START SOURCE DATA
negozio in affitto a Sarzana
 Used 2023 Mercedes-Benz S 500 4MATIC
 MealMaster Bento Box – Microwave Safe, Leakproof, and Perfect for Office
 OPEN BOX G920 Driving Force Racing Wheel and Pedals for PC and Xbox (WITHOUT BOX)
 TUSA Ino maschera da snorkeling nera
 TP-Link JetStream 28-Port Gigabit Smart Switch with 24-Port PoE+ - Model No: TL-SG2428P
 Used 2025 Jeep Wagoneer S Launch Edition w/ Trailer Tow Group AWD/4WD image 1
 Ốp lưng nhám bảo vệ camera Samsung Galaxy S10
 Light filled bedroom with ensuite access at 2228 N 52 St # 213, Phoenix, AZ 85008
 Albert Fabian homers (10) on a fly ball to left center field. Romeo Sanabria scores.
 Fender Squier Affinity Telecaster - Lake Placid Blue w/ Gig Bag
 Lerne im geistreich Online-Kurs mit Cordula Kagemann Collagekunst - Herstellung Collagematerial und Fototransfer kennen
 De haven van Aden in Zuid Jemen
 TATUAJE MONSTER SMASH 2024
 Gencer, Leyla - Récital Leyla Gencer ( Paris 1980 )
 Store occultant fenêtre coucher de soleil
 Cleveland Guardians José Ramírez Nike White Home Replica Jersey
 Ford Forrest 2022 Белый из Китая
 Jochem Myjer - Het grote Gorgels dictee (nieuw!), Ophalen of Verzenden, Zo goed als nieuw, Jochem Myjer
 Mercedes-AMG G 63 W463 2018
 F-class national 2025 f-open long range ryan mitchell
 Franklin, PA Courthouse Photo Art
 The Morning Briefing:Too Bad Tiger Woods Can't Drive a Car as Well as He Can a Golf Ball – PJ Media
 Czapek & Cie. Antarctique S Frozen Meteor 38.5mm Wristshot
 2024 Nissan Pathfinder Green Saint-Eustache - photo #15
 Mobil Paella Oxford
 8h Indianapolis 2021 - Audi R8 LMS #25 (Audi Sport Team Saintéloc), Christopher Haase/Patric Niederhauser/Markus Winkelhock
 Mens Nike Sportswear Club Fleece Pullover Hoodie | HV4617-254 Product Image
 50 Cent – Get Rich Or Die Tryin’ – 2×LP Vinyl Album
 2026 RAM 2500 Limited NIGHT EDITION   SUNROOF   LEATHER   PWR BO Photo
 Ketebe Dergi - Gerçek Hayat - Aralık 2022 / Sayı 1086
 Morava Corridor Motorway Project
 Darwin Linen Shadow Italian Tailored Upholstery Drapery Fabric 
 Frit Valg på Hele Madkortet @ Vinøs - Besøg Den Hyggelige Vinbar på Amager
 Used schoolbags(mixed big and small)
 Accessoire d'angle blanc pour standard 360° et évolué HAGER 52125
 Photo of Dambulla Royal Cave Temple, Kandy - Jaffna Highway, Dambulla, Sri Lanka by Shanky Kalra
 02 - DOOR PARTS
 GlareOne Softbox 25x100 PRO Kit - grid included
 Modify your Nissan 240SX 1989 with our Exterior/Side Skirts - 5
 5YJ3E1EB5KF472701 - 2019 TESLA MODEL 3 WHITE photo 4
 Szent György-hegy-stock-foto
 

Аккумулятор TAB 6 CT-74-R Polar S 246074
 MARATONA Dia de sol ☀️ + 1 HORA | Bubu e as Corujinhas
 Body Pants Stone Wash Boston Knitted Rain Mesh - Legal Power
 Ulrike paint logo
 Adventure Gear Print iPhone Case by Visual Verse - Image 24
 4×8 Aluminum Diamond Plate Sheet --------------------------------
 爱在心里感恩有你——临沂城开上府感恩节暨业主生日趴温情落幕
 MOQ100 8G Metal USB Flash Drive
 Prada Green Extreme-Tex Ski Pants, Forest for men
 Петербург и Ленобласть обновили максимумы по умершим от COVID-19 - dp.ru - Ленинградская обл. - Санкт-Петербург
END SOURCE DATA
EXERCISE - Only the lines containing the string "Pants" are needed; pull them out of the records.

YOUR RESPONSE -
 Body Pants Stone Wash Boston Knitted Rain Mesh - Legal Power
 Prada Green Extreme-Tex Ski Pants, Forest for men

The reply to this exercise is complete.